Mole development page
Each section here lists a development task. Tasks are roughly in order of planning-to-be-worked-on, and in itself, should typically be of at-most-one-day-work size.
See Mole for a general description of Mole.
Near future
Define terminology
Need to come up with a nonconfusing terminology; particularly, for datasets (dataset, database, table, ?), the collection of such tables which only vary in parameters (f.e., all packagelists as opposed to packagelist for binaries in unstable)

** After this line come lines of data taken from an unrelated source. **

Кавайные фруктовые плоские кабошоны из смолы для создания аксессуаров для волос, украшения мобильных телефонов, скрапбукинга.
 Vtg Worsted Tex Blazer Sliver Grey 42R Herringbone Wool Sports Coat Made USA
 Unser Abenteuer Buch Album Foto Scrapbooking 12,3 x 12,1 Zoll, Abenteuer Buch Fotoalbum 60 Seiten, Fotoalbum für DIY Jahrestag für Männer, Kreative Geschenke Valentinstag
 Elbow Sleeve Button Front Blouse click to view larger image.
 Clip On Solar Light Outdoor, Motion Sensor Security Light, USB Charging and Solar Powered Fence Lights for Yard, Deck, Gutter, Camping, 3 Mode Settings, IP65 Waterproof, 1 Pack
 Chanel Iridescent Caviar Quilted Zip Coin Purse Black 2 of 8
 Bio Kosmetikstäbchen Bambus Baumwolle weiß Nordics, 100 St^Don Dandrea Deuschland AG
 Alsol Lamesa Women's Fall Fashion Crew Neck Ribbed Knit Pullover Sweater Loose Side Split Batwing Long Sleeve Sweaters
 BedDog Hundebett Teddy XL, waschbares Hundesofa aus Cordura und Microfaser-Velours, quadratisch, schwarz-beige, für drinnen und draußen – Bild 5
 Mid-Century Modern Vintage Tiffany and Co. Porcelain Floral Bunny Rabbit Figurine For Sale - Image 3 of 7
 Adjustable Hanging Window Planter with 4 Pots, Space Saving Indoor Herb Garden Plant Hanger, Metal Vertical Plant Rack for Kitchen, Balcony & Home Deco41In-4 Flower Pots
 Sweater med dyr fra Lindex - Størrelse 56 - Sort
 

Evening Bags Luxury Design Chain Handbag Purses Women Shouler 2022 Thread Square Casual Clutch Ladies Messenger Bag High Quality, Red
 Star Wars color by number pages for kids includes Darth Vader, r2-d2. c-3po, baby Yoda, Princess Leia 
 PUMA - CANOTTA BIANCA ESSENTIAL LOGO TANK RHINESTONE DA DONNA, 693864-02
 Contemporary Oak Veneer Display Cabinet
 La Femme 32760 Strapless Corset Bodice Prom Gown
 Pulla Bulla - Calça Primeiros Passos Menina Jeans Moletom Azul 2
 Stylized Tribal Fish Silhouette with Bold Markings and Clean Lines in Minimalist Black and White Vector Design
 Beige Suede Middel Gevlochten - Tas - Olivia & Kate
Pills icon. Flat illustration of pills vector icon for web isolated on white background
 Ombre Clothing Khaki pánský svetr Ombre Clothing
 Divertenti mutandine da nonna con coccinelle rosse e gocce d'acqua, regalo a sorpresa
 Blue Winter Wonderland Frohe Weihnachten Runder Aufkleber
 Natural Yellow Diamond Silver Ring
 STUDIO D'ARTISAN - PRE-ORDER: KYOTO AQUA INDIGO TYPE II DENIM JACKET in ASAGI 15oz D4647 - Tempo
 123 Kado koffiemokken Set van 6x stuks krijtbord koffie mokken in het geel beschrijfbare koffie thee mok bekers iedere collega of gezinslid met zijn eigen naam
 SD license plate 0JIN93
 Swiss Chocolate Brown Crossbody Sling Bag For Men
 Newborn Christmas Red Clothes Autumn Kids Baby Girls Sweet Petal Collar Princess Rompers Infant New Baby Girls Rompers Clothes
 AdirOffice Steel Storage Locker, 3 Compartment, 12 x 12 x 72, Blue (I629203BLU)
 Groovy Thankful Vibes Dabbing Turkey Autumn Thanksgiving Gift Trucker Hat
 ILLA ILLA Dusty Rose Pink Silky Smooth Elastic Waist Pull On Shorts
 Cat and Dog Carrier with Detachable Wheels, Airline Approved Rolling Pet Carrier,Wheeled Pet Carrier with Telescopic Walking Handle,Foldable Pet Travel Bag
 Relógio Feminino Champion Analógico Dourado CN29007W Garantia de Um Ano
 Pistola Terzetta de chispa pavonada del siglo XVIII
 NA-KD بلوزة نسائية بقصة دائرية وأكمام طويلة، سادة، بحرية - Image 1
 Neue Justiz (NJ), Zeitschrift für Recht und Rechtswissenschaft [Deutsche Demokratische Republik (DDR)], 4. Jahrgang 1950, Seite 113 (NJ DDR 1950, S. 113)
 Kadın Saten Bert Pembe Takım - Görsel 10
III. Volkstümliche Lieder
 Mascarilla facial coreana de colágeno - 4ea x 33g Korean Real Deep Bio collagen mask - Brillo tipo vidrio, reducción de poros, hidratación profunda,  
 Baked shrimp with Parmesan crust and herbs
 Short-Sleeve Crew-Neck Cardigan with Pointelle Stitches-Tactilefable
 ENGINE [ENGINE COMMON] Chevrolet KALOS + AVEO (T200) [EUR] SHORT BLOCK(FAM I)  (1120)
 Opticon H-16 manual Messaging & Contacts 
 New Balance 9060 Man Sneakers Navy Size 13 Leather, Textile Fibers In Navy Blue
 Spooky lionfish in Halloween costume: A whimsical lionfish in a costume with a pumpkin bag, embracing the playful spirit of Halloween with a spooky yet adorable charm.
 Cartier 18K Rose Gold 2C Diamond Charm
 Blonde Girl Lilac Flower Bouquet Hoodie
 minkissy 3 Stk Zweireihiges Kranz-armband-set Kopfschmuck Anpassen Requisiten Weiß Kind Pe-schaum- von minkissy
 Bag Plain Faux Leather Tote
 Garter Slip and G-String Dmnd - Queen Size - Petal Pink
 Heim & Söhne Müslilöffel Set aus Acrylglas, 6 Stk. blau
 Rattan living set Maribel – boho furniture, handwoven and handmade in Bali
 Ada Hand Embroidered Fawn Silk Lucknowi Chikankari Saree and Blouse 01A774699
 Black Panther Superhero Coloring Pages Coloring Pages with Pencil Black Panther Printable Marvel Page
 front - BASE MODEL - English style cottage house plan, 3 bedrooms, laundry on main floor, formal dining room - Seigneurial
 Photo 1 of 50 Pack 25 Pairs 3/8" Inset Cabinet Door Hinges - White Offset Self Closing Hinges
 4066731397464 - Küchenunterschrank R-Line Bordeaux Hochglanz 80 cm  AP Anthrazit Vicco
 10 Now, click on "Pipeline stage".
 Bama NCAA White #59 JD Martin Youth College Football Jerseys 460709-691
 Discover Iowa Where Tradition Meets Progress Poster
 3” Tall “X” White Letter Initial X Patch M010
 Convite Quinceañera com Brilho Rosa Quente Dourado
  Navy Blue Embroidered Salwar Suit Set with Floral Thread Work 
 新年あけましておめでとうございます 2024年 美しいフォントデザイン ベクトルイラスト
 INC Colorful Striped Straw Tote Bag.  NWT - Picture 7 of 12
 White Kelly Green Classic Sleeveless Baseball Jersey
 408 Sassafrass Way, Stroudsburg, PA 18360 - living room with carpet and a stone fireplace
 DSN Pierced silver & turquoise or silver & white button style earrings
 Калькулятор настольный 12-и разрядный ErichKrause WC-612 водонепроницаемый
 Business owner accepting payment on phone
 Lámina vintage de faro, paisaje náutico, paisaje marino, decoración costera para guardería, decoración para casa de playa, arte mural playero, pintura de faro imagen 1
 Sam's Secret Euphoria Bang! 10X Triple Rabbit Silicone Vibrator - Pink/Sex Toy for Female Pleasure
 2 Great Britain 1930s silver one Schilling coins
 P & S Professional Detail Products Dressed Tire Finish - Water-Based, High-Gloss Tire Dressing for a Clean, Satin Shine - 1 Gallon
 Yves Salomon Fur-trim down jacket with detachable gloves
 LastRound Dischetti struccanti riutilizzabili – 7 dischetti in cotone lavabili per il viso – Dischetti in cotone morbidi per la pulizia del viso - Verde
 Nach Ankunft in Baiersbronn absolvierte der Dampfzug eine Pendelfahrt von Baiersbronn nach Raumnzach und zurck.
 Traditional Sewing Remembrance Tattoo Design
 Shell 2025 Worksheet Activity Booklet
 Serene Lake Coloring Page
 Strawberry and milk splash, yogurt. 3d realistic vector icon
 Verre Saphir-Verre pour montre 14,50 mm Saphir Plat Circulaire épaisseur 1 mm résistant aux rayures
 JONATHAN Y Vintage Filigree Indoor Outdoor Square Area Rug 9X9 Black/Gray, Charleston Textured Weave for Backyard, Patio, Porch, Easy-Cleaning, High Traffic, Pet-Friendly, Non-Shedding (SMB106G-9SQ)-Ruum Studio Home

Status: terminology in use is currently inconsistent, idea's exist
Rest of Google SOC plan
Implement stacking
Most notably, tables that build upon others should get some better way than bluntly redoing their work periodically: the fact that input data changed needs to be propagated some way.
Status: idea's are being pondered, nothing concrete yet coded
Implement the web interface
Status: Dumping webinterface exists, real work starting monday august 6th
Implement HTTP-submission with authentication
Implement HTTP-authentication on the work distributor
Integrate whatever other existing datasets are available in QA and elsewhere and are not yet in mole, as far as time permits
Write a user manual
Finalize the dev overview (generally made while programming)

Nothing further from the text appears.